→ WHAT TO WORK ON
Repeat only the lines below from the one that contains "Moteur CC à" through the final line, exactly. Omit pictures.

→ GIVEN INFORMATION
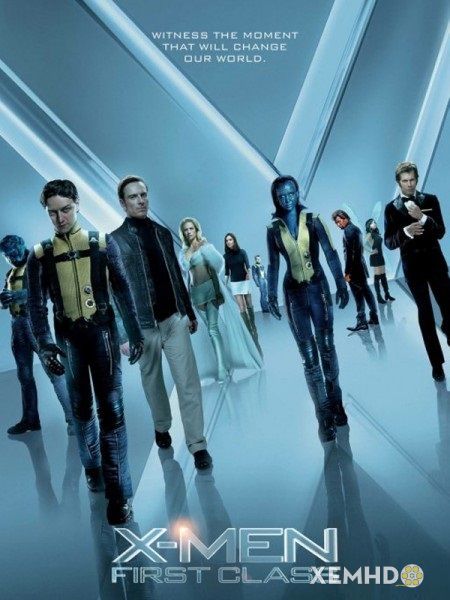 Xem Phim Dị Nhân 5: Thế Hệ Đầu Tiên (X Men: First Class)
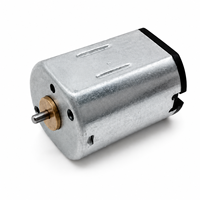 Moteur CC à aimant permanent FF N20 3,7 V, 9000 tr/min, protection IP55, 0,6 W, adapté aux appareils électroménagers intelligents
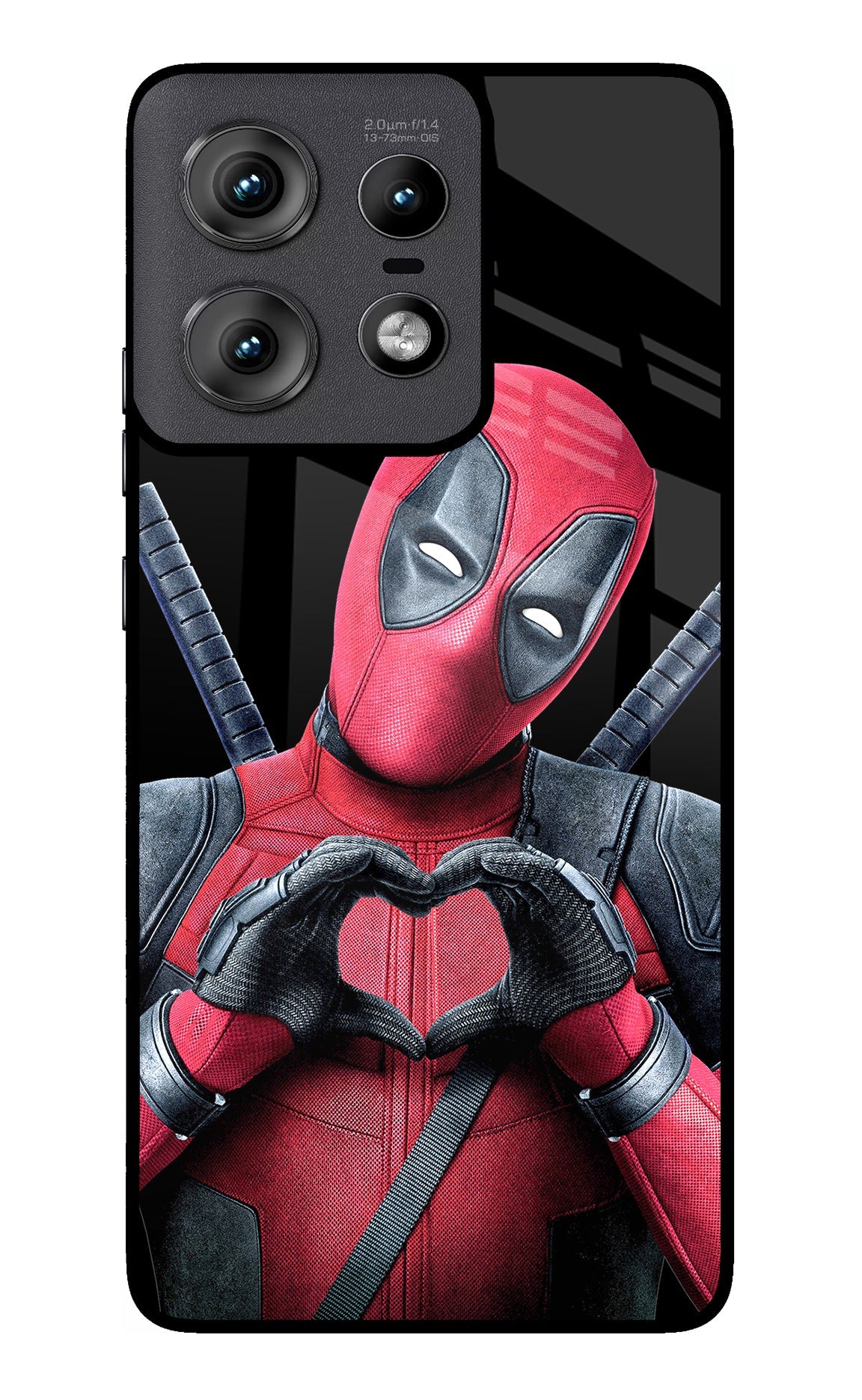 Deadpool Moto Edge 50 Pro 5G Back Cover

→ WRITTEN ANSWER
 Moteur CC à aimant permanent FF N20 3,7 V, 9000 tr/min, protection IP55, 0,6 W, adapté aux appareils électroménagers intelligents
 Deadpool Moto Edge 50 Pro 5G Back Cover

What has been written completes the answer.